The judicial holiday in Nicaragua ended on Monday January 7, which had been stalling the high-profile case wherein Argentine actress Thelma Fardin accused Juan Darthes of sexually abusing her when she was 16.
Fardin’s accusation has been considered as a trigger to Argentina’s #MeToo movement, with many women coming forward to share their experiences, both in the acting sector and beyond, raising awareness of the pervasiveness of sexual abuse in the Argentine culture.
The case has now been picked up by the Nicaraguan authorities, reported Infobae, and is now in the stage of “collection and broadening of evidence.” After this stage it will be clear whether Darthes will be called to make a statement or whether they can ask for his extradition. Fernando Burlando, Darthes’ lawyer, has stated that he will be travelling to Nicaragua to defend his client in this case.
If the evidence against him is conclusive, then it is possible that Nicaragua will put out an international capture request for him, meaning that he will be automatically detained as soon as he leaves Brazil.
Although Darthes is currently residing in Brazil, where he is safe from extradition by Nicaraguan authorities, the situation changes if there is a further accusation against him made in Argentina. As Argentina and Brazil are both in the Mercosur trade bloc, the special relationship would allow extradition from Brazil to Argentina.

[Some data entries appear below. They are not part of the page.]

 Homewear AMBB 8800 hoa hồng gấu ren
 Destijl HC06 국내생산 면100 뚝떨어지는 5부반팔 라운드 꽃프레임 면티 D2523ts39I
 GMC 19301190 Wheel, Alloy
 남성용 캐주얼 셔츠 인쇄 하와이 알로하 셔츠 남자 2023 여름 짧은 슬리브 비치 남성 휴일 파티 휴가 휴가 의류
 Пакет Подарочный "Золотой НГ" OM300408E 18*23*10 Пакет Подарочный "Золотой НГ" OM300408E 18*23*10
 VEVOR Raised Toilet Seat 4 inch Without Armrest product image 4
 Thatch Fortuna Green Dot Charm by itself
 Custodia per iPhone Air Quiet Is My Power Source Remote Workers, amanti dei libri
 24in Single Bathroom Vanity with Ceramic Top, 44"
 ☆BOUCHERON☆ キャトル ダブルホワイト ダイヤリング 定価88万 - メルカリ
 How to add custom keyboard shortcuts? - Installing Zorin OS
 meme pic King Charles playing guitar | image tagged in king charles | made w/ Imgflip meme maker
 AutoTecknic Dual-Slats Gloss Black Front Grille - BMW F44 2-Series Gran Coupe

However, apart from Fardin’s testimony, there has been no substantial evidence found proving that Darthes is, indeed, guilty of the crime. The accused’s fate remains uncertain despite Fardin receiving strong support across social media.
Lawyer Burlando gave an extremely awkward phone interview with El Trece presenters Andrea Campbell y Sandra Borghi, where he constantly spoke over them and avoided answering many direct questions. Instead, his controversial comments caused subsequent furore on social media, as the lawyer agreed with comedian Alfredo Casero intimating that the parents were blame by saying that that he wouldn’t send a child alone to Nicaragua. Burlando also referred to the media coverage of Darthes as a “linching.”
“[Darthes] had to leave the country he lived in, he can never work again, it’s a civil death, the media assassinated him without even seeing a single piece of evidence of what was said,” he said, adding that “it is worse to be exiled than to be imprisoned.”
“It’s easy to put yourself on the woman’s side of an argument because that’s what pays, that’s what sells,” he added.
Despite the high-profile nature of the case, even if Darthes is found guilty there are high levels of impunity for these kinds of crime. In this specific case it will be even more difficult for Nicaraguan authorities to find any conclusive evidence as the event itself happened nine years ago.